Well gang, it’s spring break for Purdue. I’ll be spending most of next week in Indianapolis– no airfare! no Greyhound!– at the Conference on College Composition and Communication. I’ll be filing some dispatches from there for this here blog. If my past two CCCCs experiences are any indication, it’ll be fun, frustrating, inspiring, depressing, an opportunity to connect with my community and a reminded of how lonely I can feel in my discipline, all at the same time. I have a bunch of panels and group meanings I am planning to attend, with a special focus on adjunct labor issues and how to organize for better working conditions for contingent faculty. I’ll be presenting myself, about the importance of better integrating statistics and quantitative research into our discipline while honoring the humanities and retaining our traditional values. That would be a controversial topic for this forum, but I’m presenting at 8:00 AM the morning after the biggest party of the week, so I doubt there will be much of a crowd to get offended.

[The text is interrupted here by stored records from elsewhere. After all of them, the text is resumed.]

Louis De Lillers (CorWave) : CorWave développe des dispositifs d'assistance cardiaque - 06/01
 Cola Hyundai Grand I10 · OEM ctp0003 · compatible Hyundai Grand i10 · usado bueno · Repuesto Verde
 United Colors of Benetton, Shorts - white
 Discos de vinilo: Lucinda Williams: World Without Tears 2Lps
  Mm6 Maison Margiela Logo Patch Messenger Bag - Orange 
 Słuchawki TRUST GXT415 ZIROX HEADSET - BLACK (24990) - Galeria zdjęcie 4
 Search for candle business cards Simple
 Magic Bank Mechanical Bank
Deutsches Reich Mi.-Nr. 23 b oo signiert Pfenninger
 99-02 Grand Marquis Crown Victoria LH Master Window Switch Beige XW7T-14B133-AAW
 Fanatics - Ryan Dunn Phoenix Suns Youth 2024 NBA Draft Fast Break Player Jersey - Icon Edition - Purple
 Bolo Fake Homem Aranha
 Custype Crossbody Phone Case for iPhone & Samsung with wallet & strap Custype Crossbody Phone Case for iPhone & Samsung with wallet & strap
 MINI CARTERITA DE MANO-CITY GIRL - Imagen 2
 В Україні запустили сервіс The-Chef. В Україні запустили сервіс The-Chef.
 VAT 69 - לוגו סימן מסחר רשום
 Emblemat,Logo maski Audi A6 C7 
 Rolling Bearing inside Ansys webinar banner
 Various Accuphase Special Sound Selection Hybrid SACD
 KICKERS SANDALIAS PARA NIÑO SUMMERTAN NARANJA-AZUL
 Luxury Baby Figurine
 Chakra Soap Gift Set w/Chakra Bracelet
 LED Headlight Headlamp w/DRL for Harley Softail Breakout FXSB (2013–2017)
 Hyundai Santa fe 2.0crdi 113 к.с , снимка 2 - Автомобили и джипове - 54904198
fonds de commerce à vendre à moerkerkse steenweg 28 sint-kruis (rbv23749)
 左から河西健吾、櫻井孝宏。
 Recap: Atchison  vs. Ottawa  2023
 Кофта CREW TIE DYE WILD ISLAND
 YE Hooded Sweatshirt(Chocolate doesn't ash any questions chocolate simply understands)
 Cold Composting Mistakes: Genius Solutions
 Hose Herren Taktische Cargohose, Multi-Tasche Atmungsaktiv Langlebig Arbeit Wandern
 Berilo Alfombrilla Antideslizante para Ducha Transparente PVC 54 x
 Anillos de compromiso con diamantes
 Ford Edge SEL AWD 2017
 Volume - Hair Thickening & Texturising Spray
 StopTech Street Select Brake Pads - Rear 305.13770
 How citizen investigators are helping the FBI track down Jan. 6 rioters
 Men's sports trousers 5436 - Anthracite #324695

I do want to take a moment and mention 4C4Equality. It’s an initiative some grad school friends of mine have started, and which I’m happy to be participating in. As you may have heard, for awhile the Indiana state legislature was pushing forward an explicitly anti-gay marriage bill. I’m happy to say that proposal has, for now, been shelved. But peers of mine have decided to undertake a project to discuss the importance of marriage equality in Indiana, where there is still no right for same sex couples to marry. The purpose of this is both specific and general. First, there’s the issues of marriage equality in Indiana itself. While I’m on the record as saying that the reduction of the queer rights movement to a singular focus on marriage rights is an unfortunate development, I’m obviously 100% committed to the movement for equal marriage rights for all consenting adults. Second, the organizers of 4C4Equality are interested in fostering more site-specific public outreach and community engagement at the locations of major conferences. Too often, conferences have a placeless quality, not really engaging with the local issues and contexts where they take place. We hope this kind of local political engagement will continue into the future.
This initiative, by the way, is independent and not a formal extension of CCCC. To make matters even better, from my perspective, we’re gotten some heat from some people within the rhet/comp community for not respecting the process or going through established channels. (Because nothing says radical critique like going through established channels.) It’s interesting how often activism becomes embroiled in “issue ownership,” where veteran organizers come to take a territorial attitude towards particular political issues. I don’t mind these tensions. I think they are productive and a necessary part of real, messy political engagement.
I’ll hopefully have posts up from the site of the conference soon. If you’re interested in 4C4E, please check out the webpage or Twitter account, and if you’re in the Indianapolis area, don’t be afraid to come down to the JW Marriott hotel in downtown where we’ll be tabling. Looking forward to it.
Just discovered this and your old blog l’hote and wanted to say I’m absolutely in love with you. I’m not American, but a lot of your criticisms about lefty politics and media and political punditry are just spot on. Can’t say how many times I’ve yelled out YES! YES! YES! in my head in the last few days of probably over-obsessively reading your old material. That you’re so unbearably cute but so unavailably straight is proof again that life isn’t fucking fair.
That’s very sweet of you to say! Thank you!